Bike Seatposts

Bike Seatposts

Seatposts, at least when they’re static, have a set-and-forget quality. Every bike absolutely needs one. You get a new one with a new frameset, and you keep it for a long time, so finding the best seatpost for your needs pays off. Seatposts don’t need to do much, static ones typically don’t wear out, and dropper posts are usually built for abuse. Upgrading is the main reason to replace a seatpost, and there are pretty much only three reasons to upgrade. First, to lose weight. Second, to add compliance or reduce vibrations from riding. The last reason is to either switch to a dropper post or from a dropper post.  


Dropper Posts

The concept of dropper posts has been around since the early days of MTB when the Hite Rite provided a rudimentary drop and raise. The modern dropper first gained adherents from big-hit MTB disciplines and has moved toward cross-country, even finding a place in gravel and occasionally on the road. Modern seatposts are typically hydraulic-activated, with the hose internally routed, and offer much smoother, more reliable movement.
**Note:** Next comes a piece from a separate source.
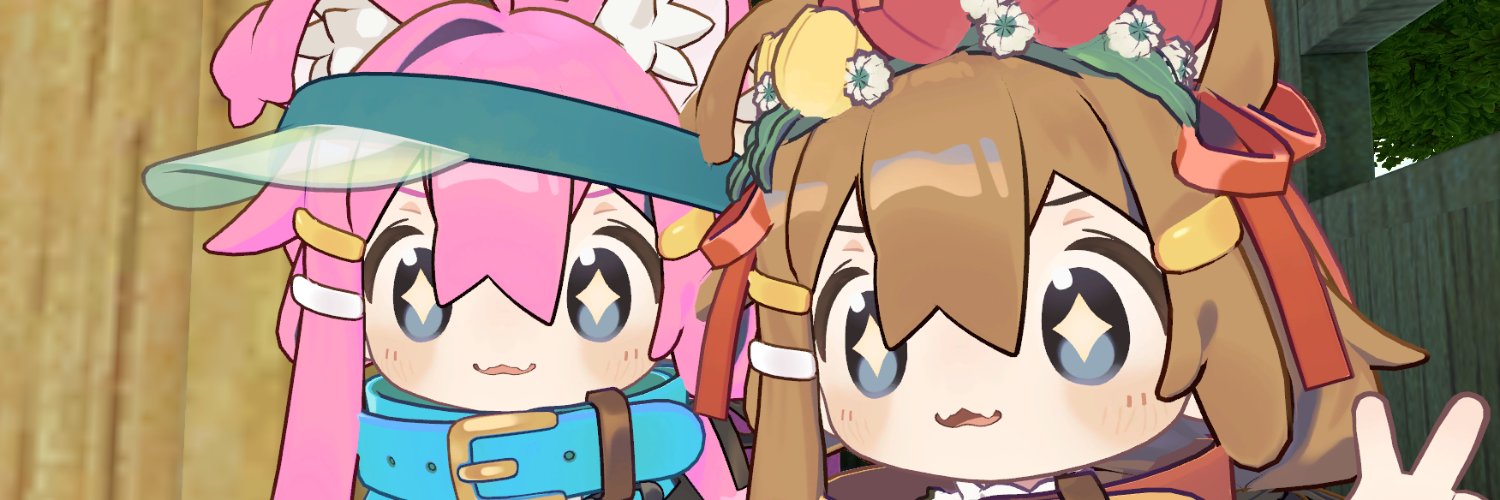 いよ🍭 banner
Still, there are cable-actuated droppers, externally-routed droppers, and even wireless droppers—RockShox Reverb AXS. If weight is a concern, the KS Lev Ci or Fox Transfer SL dropper posts are amongst the lightest.


Carbon Seatposts

Carbon seatposts are typically associated with dropping weight from the bike or adding compliance. Sometimes both. Lots of super-stiff bikes are equipped with posts that have some fore/aft given to them. And if they don’t, it can be a good idea to add some compliance; your back might thank you. ENVE and Zipp both make some super-light seatposts, but they’re of the round variety and work with a few standard diameters. Smaller diameter posts are more compliant, so a 25.4mm seatpost has more give than a 27.2. Canyon has a funky compliance post, the S15 VCLS, that is light and works with round seat tube openings. Many bikes come with proprietary non-round posts that are supposed to aid in aerodynamics, offer compliance, or both. If your bike comes with an aero seatpost--airfoil, oval, or D-shaped--you’re most likely limited to posts from your bike’s brand, possibly that same model.